Supplied information »
————

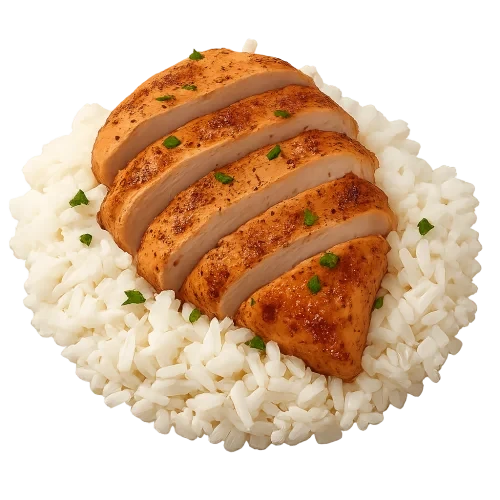 a image of chicken and rice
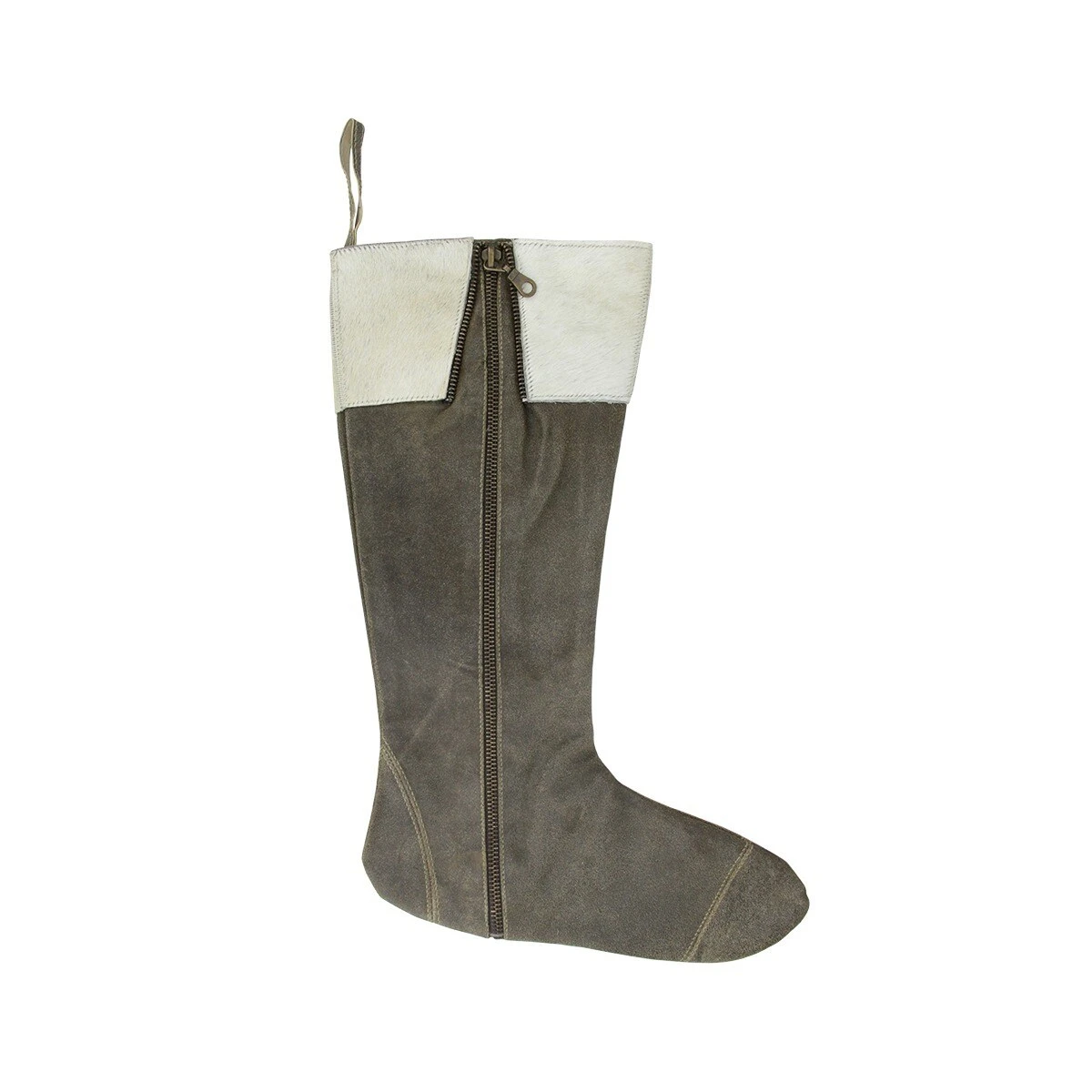 CC Christmas Decor 18.5" Gray And White Boot With Zipper Christmas Stocking 6 CC Christmas Decor 18.5" Gray And White Boot With Zipper Christmas Stocking - Image 4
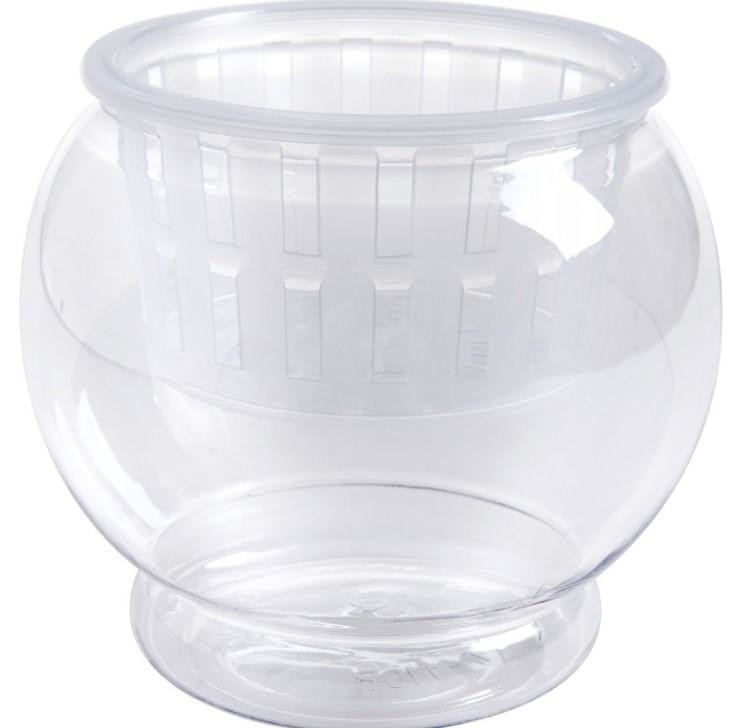 產品概述：水培花瓶的革命性創新，食品級PET原料，可與高檔玻璃瓶媲美，幾乎可完全替代玻璃瓶，運輸幾乎零破碎。 顏色：透明 結構：外瓶+定植籃+白杯 參數： 瓶：口徑160mm，胸徑：195mm，高度1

————

Work required » Pictures stay out; reproduce exactly the lines from the one containing "Stocking - Image 4" through the last line of the listing, both included.

Output of the exercise »
 CC Christmas Decor 18.5" Gray And White Boot With Zipper Christmas Stocking 6 CC Christmas Decor 18.5" Gray And White Boot With Zipper Christmas Stocking - Image 4
 產品概述：水培花瓶的革命性創新，食品級PET原料，可與高檔玻璃瓶媲美，幾乎可完全替代玻璃瓶，運輸幾乎零破碎。 顏色：透明 結構：外瓶+定植籃+白杯 參數： 瓶：口徑160mm，胸徑：195mm，高度1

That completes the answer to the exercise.